Data parallelism is a technique used to speed up training by processing data in parallel when the dataset is large. It works by replicating the model on every device and feeding different data to each device. As a result, the effective batch size can be increased proportionally to the number of devices. However, data parallelism is only possible when a single model can fully fit on one device.

![](../images/data_parallelism.png)

<br><br>


## 3. Model Parallelism

If a model is too large to fit entirely on a single device, its parameters must be split and placed across multiple devices.

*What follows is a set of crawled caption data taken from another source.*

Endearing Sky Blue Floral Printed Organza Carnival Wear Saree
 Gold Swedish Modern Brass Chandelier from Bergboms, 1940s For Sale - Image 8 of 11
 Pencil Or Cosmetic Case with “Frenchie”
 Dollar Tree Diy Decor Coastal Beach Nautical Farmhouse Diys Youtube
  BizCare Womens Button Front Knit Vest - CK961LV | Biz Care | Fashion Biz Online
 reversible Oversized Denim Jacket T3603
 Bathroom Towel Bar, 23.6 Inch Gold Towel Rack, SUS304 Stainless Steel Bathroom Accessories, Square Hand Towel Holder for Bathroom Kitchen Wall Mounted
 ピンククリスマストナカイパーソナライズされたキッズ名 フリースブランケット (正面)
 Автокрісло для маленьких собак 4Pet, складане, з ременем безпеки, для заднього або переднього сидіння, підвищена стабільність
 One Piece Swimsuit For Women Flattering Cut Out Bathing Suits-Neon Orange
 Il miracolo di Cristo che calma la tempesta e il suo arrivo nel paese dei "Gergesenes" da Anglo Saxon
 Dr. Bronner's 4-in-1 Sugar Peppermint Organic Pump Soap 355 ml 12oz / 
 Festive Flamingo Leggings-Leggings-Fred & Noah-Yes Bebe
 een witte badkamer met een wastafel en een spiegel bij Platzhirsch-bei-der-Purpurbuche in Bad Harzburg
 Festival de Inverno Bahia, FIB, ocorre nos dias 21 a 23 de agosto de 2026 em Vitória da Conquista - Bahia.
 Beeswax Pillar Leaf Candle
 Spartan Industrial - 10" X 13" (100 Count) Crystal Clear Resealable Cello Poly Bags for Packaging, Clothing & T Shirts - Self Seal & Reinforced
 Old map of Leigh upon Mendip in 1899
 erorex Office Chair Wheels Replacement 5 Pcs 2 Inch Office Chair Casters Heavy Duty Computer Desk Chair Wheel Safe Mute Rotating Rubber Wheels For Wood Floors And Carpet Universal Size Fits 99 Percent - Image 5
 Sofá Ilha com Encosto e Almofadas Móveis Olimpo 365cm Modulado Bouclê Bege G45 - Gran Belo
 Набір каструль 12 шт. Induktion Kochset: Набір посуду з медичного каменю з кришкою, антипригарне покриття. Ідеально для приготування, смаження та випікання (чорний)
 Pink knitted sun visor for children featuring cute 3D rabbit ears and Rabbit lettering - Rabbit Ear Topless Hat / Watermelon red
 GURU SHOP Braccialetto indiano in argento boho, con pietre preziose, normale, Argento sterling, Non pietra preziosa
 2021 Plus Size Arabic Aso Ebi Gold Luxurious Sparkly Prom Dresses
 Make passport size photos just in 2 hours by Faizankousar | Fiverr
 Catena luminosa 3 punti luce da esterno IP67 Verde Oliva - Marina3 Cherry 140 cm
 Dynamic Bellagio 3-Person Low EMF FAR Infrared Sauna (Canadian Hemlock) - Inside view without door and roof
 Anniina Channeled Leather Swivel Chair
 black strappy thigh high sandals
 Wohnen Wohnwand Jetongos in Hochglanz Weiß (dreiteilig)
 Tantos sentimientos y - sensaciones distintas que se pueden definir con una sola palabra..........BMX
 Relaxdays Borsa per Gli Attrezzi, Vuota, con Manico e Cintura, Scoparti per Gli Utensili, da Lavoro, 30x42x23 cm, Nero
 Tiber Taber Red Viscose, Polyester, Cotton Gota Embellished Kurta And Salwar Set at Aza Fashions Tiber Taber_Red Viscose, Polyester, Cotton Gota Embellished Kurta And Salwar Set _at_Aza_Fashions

As a result, each device holds only a portion of the model’s parameters. This makes it possible to handle very large models using multiple smaller devices. Depending on the dimension along which the model is parallelized, model parallelism can be classified into **inter-layer** and **intra-layer** parallelism.

![](../images/model_parallelism.png)

### Inter-layer Model Parallelism
Inter-layer model parallelism splits the model based on layers. For example, layers 1, 2, and 3 can be assigned to GPU 1, while layers 4 and 5 are assigned to GPU 2. A representative example of this approach is Google’s **GPipe**.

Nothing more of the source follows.